= Swythamley Hall =

18th-century country house near Leek, Staffordshire

Swythamley Hall is a late 18th-century country house near Leek, Staffordshire with architectural features of classical, Italianate and Jacobean style sitting within the 140 acre private Swythamley Park (a former deer park). The current buildings on the site include the main hall (sub-divided into four self-contained apartments), with an additional three residencies in the grounds of Swythamley Park (The Coach House, The Tenants Hall and The Estate House). The Main Hall and Coach House are Grade II listed buildings.

==History==
===Medieval period===
The land that is now Swythamley Park is first recorded as belonging to Dieulacres Abbey, who, in the 13th century, constructed a grange house (a large farmhouse) on the site.

At some time prior to the dissolution, the grange house was demolished and replaced by a hunting lodge that may have been referenced in the poem Sir Gawain and the Green Knight.

===16th century===
Following the dissolution of Dieulacres Abbey, the manor of Swythamley was briefly held by King Henry VIII before being granted to the Traffords in 1540.

The Trafford family (who owned the adjoining manor of Heaton) replaced the hunting lodge (recorded in 1666 as taxable for eight hearths) with a new hall in about 1690.

William Trafford, a distinguished royalist who died in 1697 aged 93, escaped the fury of
Oliver Cromwell's Ironsiders by disguising himself as a thresher. When the soldiers ransacked Swythamley Hall, he answered their questions by muttering, "Now, thus" between every stroke of his threshing flail. The soldiers considered him mad and departed without further action. The story is documented on his gravestone in Leek. Following this incident, the words "now, thus" were introduced as the family motto on the Trafford coat of arms.

===19th century===
Most of the new hall was destroyed by fire in 1813, leaving only the "new wing". By 1831 the hall was sufficiently rebuilt to enable the Traffords to advertise the "Mansion" for auction as "recently erected of stone."

The hall was purchased in 1831 by John Brocklehurst the Younger (Note: The purchaser of Swythamley was the father of John Brocklehurst, MP for Macclesfield (1832-68).). It was subsequently inherited by John's eldest son, William, and then William's nephew Philip Lancaster Brocklehurst (1827–1904), who was created a baronet in 1903.
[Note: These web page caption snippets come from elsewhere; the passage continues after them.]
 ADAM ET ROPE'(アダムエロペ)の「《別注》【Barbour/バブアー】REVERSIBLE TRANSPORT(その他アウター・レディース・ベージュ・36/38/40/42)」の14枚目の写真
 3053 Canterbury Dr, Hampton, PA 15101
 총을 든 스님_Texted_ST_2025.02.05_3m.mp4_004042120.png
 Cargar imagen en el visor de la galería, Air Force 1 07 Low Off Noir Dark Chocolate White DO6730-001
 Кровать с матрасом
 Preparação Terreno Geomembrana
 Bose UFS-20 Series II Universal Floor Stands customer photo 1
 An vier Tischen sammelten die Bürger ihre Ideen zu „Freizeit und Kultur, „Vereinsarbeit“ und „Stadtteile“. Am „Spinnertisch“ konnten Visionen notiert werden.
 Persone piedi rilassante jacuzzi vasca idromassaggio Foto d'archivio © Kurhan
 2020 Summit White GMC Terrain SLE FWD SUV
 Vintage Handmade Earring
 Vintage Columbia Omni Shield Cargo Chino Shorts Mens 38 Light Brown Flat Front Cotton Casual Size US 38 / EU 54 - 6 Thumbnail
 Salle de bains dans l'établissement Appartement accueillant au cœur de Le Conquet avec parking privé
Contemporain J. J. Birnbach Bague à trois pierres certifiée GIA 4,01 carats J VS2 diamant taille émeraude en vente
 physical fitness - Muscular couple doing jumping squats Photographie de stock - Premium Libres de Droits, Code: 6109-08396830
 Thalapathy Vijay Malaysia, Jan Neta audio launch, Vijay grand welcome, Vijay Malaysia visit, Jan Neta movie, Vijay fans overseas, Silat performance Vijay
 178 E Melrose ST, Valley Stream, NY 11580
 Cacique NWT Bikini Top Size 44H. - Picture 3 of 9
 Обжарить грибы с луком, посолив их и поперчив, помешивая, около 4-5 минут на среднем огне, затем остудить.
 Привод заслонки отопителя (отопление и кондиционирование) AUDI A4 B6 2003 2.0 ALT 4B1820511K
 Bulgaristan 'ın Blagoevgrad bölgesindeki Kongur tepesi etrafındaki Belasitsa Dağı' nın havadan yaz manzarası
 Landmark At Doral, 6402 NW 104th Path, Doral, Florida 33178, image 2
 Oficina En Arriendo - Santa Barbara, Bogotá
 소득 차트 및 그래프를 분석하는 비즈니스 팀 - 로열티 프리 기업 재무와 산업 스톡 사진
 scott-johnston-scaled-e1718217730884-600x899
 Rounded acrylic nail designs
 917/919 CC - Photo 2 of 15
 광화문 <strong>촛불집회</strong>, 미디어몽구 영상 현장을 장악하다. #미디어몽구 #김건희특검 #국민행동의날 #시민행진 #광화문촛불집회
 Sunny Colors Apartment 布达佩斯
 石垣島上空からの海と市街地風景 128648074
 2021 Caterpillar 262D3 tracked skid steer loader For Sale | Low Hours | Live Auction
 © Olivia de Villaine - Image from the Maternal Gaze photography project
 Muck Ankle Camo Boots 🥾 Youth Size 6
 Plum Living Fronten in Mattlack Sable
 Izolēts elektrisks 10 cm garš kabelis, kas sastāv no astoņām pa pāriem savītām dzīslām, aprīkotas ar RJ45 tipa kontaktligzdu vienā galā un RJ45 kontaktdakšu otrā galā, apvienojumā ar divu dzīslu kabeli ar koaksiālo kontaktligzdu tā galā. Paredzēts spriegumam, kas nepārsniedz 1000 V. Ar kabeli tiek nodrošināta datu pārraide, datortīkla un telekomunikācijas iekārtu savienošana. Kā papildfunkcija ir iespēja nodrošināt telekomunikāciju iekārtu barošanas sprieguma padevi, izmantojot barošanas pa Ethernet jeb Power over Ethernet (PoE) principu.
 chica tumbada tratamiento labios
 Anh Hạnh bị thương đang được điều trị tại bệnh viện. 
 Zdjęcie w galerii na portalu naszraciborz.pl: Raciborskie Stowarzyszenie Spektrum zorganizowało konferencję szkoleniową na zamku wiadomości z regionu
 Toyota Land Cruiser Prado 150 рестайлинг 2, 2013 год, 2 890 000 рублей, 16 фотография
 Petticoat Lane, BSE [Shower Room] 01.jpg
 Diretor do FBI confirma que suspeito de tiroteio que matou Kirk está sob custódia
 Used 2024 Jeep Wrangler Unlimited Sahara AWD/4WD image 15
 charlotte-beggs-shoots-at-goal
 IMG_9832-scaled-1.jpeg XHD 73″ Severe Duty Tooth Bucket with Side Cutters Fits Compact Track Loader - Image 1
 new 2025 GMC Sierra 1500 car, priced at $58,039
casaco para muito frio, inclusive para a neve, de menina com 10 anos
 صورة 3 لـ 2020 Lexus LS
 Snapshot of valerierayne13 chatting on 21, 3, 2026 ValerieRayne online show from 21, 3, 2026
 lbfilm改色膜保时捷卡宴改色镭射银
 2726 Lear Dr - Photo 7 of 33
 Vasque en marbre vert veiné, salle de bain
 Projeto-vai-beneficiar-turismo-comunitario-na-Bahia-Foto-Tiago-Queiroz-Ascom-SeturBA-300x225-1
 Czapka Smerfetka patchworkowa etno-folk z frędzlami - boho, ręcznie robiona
The Brocklehursts considerably enlarged and improved the house. In 1862 they added a canted bay to the room at the southern end, making it hexagonal. A billiard room was also added to the north end of the hall frontage around this time. This stood at the west side of what had been an open courtyard with service quarters, built at a similar time, on the other two remaining sides. The courtyard was subsequently covered over for use as a manor court/dining room and ballroom by the tenantry at the twice-yearly estate audit.

A circular dovecote with 24 flight holes and five carved heads was assembled on the west lawn. The heads are locally believed to have originated from the ruins of Dieulacres Abbey, and were previously incorporated into nearby Wincle Grange (another property owned by the Brocklehursts) before being "liberated" and incorporated into the dovecote some time in the 19th century along with scrap stone from other of the 19th-century alternations. The dovecote is not listed or scheduled.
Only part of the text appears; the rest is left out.